Wieder ist vor Moruroa ein Greenpeace-Boot von der französischen Marine beschlagnahmt worden, und wieder werden zahlreiche Medien verbreiten, Greenpeace habe die Schlacht verloren. Dabei machen die Umweltaktivisten im Grunde nichts anderes als das, was sie schon seit 1972 gegen Atomtests tun: Sie dringen in die verbotene Zwölfmeilenzone ein, wo sie selbstverständlich festgenommen werden.

Und dennoch ist es diesmal nicht so wie sonst. Was vor Moruroa bei mäßiger Anteilnahme der Weltpresse bislang immer stattfand, und was Greenpeace so ähnlich auch auf Flüssen, Schornsteinen und Ölplattformen unternahm, was die Öffentlichkeit entzückte und die Organisation groß machte – auf einmal wendet es sich gegen die Aktivisten von Greenpeace. Sie scheinen es niemandem mehr recht machen zu können. Dringen sie in guter alter Tradition des zivilen Ungehorsams in verbotene Gewässer ein und riskieren dabei ihre Schiffe, heißt es, ihre Kampagne sei am Scheitern. Was aber wäre, wenn sie außerhalb der Zwölfmeilenzone blieben? Wäre es der Öffentlichkeit denn lieber, wenn Greenpeace mit seinen teuren, aus Spenden finanzierten Schiffen auf dem Meer nur vor sich hindümpeln würde?

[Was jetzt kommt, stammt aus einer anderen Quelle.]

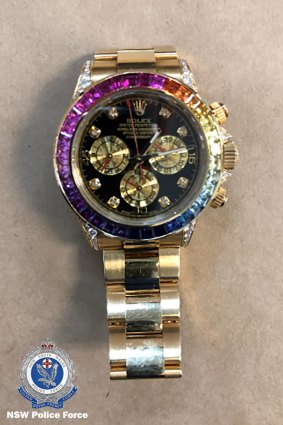Strike Force Raptor allegedly seized a number of items from the Bankstown home, including a Rolex Daytona Rainbow watch.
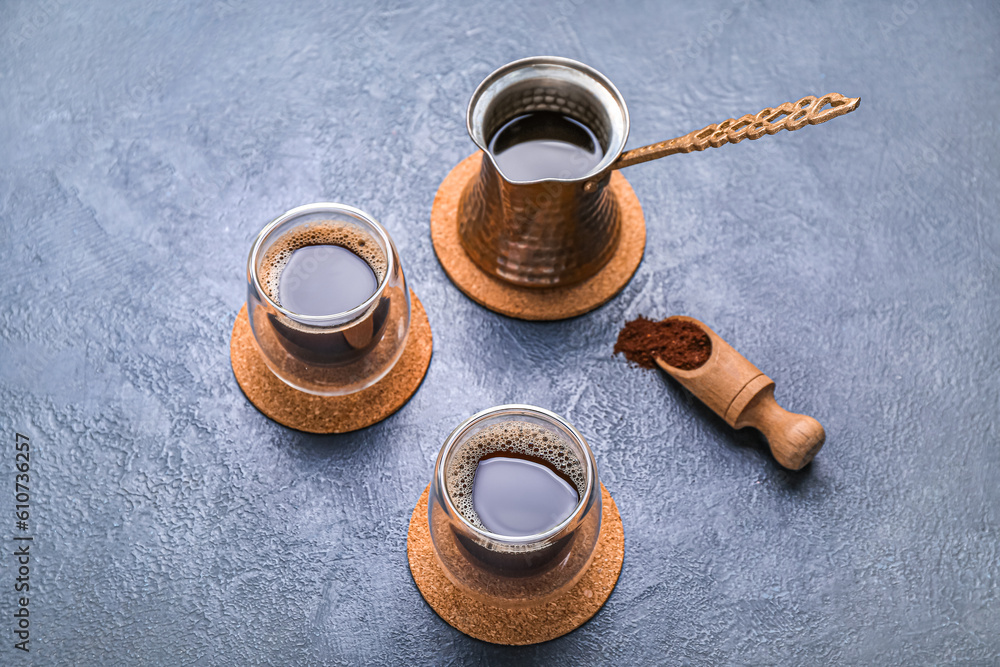 Drink coasters with glasses of coffee and jezve on blue table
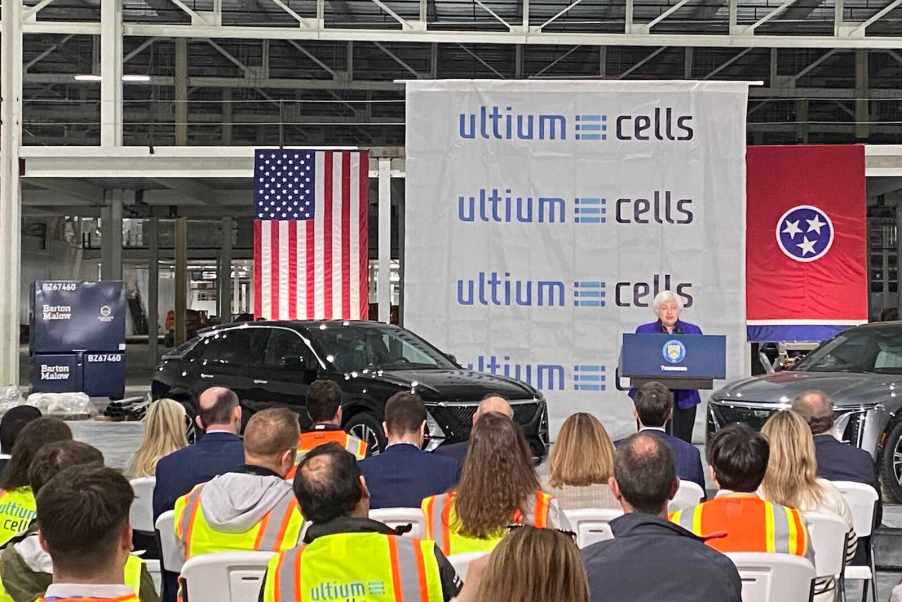 Tennessee workers at the GM Ultium battery plant listen to a woman speaking from a podium.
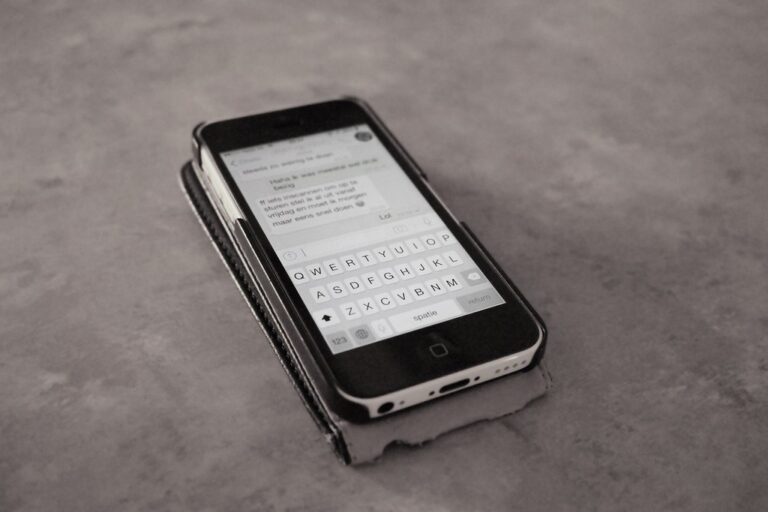 Person reading a text message on a smartphone illustrating toll road smishing scams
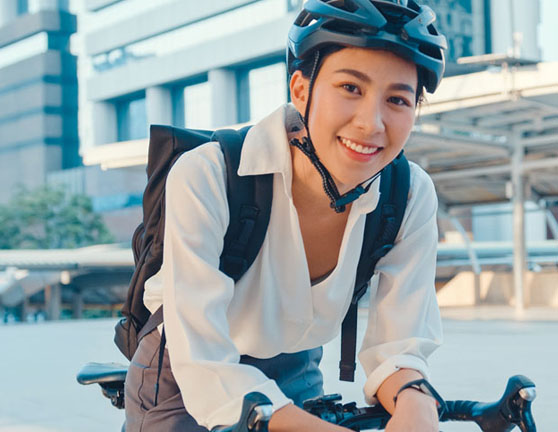 Persona feliz montada en bicicleta con el casco puesto y mochila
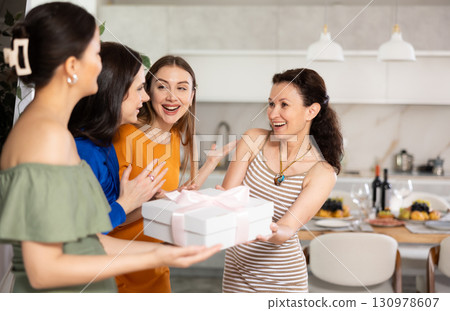 Group of women greeting each other and giving gift 130978607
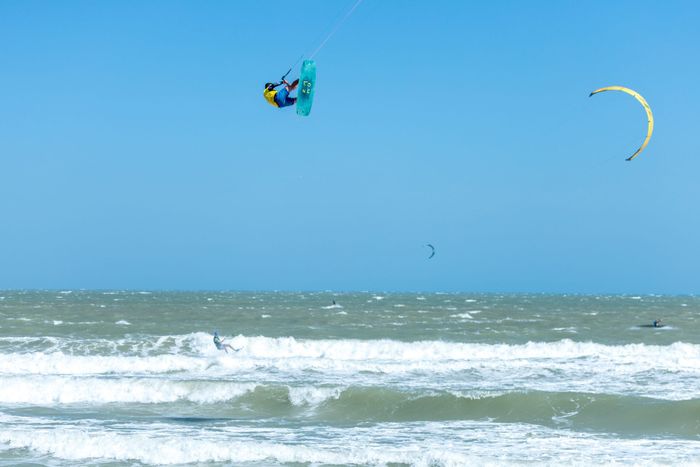 Kitesurfer executing a dramatic aerial stunt over ocean waves under a clear blue sky, showcasing extreme sports action.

Die Öko-Aktivisten sind in der öffentlichen Erwartung zu Rettern der Welt avanciert. Die verhinderte Versenkung der Brent Spar schien der Beweis für ihre schiere Übermacht zu sein. Jetzt ist die Enttäuschung der Gläubigen groß: Wie, Greenpeace hat den ersten Atomtest gar nicht verhindern können? Die Segler wurden von den französischen Schlachtschiffen bezwungen? Dann mußten die Helden der Brent Spar auch noch kleinlaut zugeben, sich mit den Giftmengen auf der Ölplattform schnöde verrechnet zu haben. Greenpeace und sich verrechnen?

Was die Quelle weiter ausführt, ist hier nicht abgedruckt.